Neurotoxicity is less common, occurring in about 9.5 percent of patients overall, though rates are much higher with polymyxin B (around 18 percent) than with colistin (about 1.4 percent). Symptoms include tingling or numbness around the mouth and extremities, dizziness, vertigo, and slurred speech. These effects resolve after the drug is discontinued. In rare cases, polymyxins can cause neuromuscular blockade that leads to respiratory muscle paralysis, a potentially fatal complication that can develop within hours of a dose.

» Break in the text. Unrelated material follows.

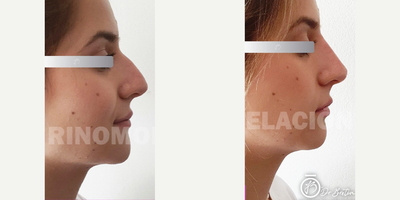 Nonsurgical Nose Job before and after photo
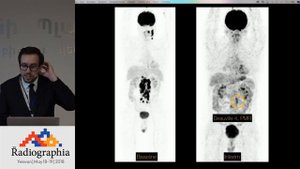 Преимущества и недостатки метаболической ПЭТ-КТ в онкологии. Николай Новиков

Any statement claiming polymyxins are free of serious side effects or have no renal toxicity is incorrect.
Resistance Through Membrane Modification
Bacteria resist polymyxins by changing the chemical makeup of their outer membrane. The key strategy is modifying lipid A, the part of LPS that polymyxins bind to. By attaching positively charged molecules to the normally negative phosphate groups on lipid A, bacteria reduce the electrostatic attraction that pulls polymyxins to the membrane surface.
In 2015, researchers identified a gene called mcr-1 (mobile colistin resistance) on a plasmid from bacteria collected at a pig farm in China. This was alarming because plasmids can transfer between bacterial species, meaning resistance can spread horizontally rather than arising independently in each organism. The MCR-1 enzyme adds a chemical group to the phosphate on lipid A, reducing its negative charge and weakening polymyxin binding. A statement claiming polymyxin resistance cannot be transferred between bacteria would be false.
Common False Statements to Watch For
- “Polymyxins are effective against gram-positive bacteria.” False. They target only gram-negative organisms.
- “Polymyxins are bacteriostatic.” False. They are bactericidal, killing bacteria by disrupting the cell membrane.
- “Polymyxins are well absorbed orally.” False. GI absorption is very poor; systemic use requires parenteral administration.
- “Polymyxins have no significant toxicity.” False. Nephrotoxicity rates exceed 40 percent, and neurotoxicity is a recognized risk.
- “Polymyxin resistance cannot spread between bacteria.” False. Plasmid-mediated resistance via mcr-1 allows horizontal transfer.